L’adrénaline doit toujours être administrée par voie intramusculaire et non sous-cutanée ! Grâce à l’absorption intramusculaire, des taux plasmatiques suffisants sont atteints en beaucoup moins de temps qu’avec une administration sous-cutanée. L’endroit idéal pour l’administration intramusculaire d’adrénaline est la zone antérolatérale de la cuisse. Chez l’adulte, la dose initiale doit être d’au moins 0,3-0,5 mg (règle générale : 0,1 mg pour 10 kg de poids corporel). Si aucun effet thérapeutique n’est visible après trois à cinq minutes, l’administration d’adrénaline doit être répétée. La source déclenchant l’anaphylaxie ou suspectée doit être éliminée le plus rapidement possible (par exemple, arrêt de la perfusion) – si disponible, de l’oxygène doit être administré (masque 40-60%, lunettes 8-10 l/min). Étant donné que la perte de liquide dans les tissus peut atteindre 35% en dix minutes, une voie veineuse doit être mise en place et un volume doit être ajouté le plus rapidement possible après l’administration d’adrénaline (50-100 ml/10 kg dans les cinq à dix premières minutes). Le fait que des colloïdes ou des solutions d’électrolytes soient utilisés n’a pas d’importance (tab. 3). Si la stabilisation de la circulation est insuffisante, l’adrénaline doit être administrée par voie intraveineuse ou au perfuseur (0,1-0,4 µg/min). En cas d’administration intraveineuse, l’adrénaline doit être diluée au moins dans un rapport de 1:9 avec du NaCl 0,9% ou, mieux, de 1:100 (p. ex. 1 mg d’adrénaline dans 99 ml de NaCl 0,9% correspond à 10 µg/ml) et injectée lentement – si possible sous monitorage ECG.
Une étude d’observation rétrospective analysant la sécurité de l’adrénaline dans le traitement de l’anaphylaxie a montré que seulement 1% des personnes traitées par voie intramusculaire – contre 10% des personnes recevant de l’adrénaline par voie intraveineuse – ont développé des effets secondaires à l’administration d’adrénaline. Aucun surdosage en adrénaline n’a été observé lors d’une injection intramusculaire [9].

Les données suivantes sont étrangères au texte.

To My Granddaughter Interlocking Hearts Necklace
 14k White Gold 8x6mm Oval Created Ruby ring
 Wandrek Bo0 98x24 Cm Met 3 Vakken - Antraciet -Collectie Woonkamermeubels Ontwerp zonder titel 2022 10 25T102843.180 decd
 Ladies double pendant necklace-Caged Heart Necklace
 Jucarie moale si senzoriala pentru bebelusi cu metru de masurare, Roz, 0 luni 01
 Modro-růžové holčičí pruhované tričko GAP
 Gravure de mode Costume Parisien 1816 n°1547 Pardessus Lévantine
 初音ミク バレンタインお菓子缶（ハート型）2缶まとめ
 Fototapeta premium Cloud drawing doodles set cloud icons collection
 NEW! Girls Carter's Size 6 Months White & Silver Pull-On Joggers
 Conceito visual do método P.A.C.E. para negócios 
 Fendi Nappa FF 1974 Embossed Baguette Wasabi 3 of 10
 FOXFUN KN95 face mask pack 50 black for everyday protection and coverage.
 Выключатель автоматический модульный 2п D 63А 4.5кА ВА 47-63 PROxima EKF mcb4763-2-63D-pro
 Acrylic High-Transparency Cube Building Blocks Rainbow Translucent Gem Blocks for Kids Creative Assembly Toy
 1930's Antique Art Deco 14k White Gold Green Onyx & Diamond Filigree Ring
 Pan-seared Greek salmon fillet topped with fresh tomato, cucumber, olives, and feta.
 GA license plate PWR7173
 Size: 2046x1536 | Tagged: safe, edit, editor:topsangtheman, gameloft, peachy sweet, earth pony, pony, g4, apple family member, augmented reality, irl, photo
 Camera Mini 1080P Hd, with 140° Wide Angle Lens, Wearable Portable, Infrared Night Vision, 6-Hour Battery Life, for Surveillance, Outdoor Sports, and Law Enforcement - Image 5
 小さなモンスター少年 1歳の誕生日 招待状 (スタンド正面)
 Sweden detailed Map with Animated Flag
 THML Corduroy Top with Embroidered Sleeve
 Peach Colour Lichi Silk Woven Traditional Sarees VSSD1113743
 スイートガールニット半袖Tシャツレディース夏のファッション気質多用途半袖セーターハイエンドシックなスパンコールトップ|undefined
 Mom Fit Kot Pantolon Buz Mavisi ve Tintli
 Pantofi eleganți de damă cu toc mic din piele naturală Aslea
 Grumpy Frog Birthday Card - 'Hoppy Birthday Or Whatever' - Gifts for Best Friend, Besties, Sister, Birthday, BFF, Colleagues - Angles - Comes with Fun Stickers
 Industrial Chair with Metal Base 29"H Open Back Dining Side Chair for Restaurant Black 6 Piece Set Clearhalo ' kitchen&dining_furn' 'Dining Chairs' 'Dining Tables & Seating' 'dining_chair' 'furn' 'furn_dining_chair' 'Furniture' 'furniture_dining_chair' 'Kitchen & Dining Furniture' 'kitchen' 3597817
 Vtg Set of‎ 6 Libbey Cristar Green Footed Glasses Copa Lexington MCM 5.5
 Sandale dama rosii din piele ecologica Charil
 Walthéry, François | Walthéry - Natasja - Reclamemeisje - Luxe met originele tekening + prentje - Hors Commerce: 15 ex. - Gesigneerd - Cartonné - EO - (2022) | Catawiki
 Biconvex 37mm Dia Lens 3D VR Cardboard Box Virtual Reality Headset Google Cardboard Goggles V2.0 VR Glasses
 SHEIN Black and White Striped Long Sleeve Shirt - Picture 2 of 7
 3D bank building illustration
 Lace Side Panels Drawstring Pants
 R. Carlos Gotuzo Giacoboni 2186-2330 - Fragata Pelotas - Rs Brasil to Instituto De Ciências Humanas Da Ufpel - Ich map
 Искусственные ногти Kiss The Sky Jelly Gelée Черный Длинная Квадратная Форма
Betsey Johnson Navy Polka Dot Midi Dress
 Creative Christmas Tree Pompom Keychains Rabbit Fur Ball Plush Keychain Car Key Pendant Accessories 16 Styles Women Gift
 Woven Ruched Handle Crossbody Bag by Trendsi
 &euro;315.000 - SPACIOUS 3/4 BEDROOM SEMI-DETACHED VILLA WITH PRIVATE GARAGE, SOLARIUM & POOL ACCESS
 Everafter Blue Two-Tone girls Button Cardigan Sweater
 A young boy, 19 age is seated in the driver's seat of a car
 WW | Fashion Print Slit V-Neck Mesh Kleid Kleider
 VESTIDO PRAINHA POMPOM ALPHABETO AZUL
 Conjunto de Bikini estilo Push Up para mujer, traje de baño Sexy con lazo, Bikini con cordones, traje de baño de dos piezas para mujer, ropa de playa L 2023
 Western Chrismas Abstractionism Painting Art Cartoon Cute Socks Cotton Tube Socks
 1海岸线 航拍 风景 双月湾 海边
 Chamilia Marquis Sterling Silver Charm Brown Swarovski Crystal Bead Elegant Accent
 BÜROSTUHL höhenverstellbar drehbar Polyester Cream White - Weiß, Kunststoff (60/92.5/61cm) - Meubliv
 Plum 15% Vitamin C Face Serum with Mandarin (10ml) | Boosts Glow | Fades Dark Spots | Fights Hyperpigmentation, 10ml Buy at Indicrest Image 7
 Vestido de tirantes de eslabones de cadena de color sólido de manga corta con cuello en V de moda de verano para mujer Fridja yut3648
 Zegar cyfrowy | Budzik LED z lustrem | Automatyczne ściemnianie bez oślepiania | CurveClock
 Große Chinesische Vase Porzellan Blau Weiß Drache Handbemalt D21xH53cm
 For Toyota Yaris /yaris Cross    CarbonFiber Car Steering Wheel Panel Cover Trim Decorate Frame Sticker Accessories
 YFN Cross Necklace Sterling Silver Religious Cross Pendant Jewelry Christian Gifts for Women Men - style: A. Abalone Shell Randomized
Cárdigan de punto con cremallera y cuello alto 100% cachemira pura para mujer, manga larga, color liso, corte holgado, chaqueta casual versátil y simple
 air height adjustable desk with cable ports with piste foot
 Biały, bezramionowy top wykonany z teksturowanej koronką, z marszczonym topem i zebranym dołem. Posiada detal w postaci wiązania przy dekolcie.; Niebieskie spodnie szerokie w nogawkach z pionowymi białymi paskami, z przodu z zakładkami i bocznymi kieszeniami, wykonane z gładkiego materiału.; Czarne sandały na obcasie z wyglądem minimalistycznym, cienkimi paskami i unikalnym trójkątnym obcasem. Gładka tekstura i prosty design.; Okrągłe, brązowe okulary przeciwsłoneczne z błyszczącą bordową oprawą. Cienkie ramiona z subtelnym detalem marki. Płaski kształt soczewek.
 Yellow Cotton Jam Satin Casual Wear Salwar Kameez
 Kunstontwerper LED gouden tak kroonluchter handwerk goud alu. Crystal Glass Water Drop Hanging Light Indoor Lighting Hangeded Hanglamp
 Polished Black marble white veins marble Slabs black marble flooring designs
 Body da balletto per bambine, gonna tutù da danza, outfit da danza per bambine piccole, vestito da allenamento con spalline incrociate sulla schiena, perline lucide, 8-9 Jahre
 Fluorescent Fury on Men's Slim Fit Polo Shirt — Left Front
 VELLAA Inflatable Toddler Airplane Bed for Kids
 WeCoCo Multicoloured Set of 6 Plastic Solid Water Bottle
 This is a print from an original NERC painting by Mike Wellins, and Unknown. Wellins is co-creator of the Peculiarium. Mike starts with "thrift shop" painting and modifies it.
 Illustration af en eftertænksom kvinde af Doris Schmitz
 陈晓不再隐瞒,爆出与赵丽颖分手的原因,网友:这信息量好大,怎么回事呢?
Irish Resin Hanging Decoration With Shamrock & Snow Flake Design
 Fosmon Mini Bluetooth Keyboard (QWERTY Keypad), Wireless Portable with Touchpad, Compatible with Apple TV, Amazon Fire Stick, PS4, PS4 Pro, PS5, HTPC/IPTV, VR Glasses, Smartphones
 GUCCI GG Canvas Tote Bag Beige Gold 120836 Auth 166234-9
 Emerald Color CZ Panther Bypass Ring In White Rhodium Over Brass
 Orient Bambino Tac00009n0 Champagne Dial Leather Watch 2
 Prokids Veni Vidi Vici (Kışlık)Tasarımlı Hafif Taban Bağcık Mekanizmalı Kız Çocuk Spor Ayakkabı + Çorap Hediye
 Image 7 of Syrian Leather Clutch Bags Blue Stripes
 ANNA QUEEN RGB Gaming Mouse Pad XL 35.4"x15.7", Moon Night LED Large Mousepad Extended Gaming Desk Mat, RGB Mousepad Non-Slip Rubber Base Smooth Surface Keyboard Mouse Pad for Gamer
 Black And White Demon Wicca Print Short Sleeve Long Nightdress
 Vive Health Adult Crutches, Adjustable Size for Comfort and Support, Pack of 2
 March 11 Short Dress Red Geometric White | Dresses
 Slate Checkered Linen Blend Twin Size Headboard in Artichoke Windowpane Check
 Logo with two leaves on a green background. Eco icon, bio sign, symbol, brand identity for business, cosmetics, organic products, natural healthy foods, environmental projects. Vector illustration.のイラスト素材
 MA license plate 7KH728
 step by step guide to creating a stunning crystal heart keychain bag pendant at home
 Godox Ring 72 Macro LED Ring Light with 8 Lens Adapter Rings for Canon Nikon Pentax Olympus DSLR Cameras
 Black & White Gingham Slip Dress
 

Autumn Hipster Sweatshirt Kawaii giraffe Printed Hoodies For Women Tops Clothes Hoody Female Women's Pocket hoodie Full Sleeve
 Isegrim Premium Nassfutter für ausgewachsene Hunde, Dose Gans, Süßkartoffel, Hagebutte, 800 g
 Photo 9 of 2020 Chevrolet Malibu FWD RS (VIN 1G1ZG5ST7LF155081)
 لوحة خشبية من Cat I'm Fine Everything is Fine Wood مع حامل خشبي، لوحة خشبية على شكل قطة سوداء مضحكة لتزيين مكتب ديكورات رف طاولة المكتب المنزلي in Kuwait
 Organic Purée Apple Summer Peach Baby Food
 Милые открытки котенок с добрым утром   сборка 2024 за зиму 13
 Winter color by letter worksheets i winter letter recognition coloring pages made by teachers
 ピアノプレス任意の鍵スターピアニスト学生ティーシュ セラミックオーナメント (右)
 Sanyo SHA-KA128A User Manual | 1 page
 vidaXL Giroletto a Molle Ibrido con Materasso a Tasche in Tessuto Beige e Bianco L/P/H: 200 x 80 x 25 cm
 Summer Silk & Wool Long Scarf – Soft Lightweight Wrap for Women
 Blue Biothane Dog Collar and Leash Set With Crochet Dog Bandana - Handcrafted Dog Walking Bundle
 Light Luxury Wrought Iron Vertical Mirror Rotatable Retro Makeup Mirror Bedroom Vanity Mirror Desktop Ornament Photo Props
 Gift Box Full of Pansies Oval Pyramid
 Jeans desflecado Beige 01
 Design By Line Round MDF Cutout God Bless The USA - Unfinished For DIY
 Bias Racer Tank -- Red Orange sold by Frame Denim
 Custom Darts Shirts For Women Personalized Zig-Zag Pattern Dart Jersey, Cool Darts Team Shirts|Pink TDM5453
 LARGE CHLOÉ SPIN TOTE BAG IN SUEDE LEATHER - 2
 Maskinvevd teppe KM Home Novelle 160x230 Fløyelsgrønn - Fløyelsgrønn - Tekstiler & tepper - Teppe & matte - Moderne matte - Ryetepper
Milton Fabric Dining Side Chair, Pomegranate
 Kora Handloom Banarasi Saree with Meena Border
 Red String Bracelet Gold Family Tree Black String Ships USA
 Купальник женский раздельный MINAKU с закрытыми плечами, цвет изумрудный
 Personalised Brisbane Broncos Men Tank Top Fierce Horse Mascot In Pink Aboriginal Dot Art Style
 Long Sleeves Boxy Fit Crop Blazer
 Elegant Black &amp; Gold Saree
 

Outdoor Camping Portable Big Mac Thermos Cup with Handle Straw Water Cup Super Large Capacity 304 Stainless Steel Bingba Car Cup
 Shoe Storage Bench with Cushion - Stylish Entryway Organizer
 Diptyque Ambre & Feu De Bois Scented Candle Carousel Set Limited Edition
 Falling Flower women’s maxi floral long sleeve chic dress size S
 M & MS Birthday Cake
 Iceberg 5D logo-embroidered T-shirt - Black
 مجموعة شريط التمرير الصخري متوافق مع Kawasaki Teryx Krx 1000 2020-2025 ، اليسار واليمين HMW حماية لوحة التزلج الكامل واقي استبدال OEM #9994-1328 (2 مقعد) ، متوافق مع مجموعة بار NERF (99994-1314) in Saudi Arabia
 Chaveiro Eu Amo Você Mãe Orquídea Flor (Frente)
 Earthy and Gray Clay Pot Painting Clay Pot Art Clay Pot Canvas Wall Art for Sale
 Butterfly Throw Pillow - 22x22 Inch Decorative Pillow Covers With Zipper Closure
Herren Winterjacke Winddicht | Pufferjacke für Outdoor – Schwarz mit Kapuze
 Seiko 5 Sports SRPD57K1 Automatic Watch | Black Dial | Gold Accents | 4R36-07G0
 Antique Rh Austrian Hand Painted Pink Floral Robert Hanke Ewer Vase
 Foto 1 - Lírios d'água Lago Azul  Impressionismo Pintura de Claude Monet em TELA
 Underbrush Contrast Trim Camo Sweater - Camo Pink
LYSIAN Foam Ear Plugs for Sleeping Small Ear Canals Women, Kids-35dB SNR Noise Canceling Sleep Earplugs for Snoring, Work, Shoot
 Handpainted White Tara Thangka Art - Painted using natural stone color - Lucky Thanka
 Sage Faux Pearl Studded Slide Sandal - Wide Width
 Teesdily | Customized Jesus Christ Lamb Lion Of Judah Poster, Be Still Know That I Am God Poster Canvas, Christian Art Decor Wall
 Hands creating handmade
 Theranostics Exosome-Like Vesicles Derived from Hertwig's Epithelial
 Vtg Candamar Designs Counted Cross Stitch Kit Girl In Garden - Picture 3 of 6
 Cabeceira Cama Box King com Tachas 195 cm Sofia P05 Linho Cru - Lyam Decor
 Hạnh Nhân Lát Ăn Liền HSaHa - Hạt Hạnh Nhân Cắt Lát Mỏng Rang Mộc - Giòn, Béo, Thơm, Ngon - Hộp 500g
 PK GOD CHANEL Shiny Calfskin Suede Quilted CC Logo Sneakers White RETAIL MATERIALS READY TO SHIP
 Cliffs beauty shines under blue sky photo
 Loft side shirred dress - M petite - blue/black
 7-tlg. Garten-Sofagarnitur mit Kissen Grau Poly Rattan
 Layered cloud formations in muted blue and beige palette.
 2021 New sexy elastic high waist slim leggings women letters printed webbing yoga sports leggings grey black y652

Après la mise en place d’une perfusion, un antihistaminique (clemastine, dimétindène) doit être administré par voie intraveineuse (tableau 3). La clémastine, en particulier, doit être injectée lentement, sur deux à trois minutes et non en bolus, car elle peut induire une chute de la pression artérielle. Selon la situation, par exemple en cas d’urticaire seule ou de léger gonflement du visage, un antihistaminique peut être administré par voie orale. Il convient de noter qu’un effet thérapeutique ne peut être attendu qu’après plus d’une demi-heure après l’administration orale. Les corticostéroïdes ne sont pas des médicaments d’urgence de première intention en cas d’anaphylaxie. Même administrés par voie intraveineuse, ils ne déploient pas une certaine efficacité avant au moins une heure. Cependant, les corticostéroïdes ne doivent pas être retenus chez les patients souffrant d’asthme, de maladies pulmonaires et chez ceux qui développent un angio-œdème.
Évaluation et suivi
Tout patient doit être soumis à une évaluation allergologique après une réaction allergique générale, mais plus particulièrement après une anaphylaxie. Selon notre grande expérience (plusieurs publications), la majorité des déclencheurs de réaction (>90%) peuvent être identifiés avec suffisamment de précision. Les personnes concernées peuvent être rendues attentives aux sources de danger et instruites sur les mesures essentielles de comportement. Le risque d’une prochaine réaction allergique générale, généralement imprévue, peut ainsi être réduit (Odds Ratio 0,78) [10]. Dans certains cas, comme l’allergie au venin d’hyménoptère, l’immunothérapie spécifique permet d’obtenir une protection élevée à long terme en cas de réexposition [11].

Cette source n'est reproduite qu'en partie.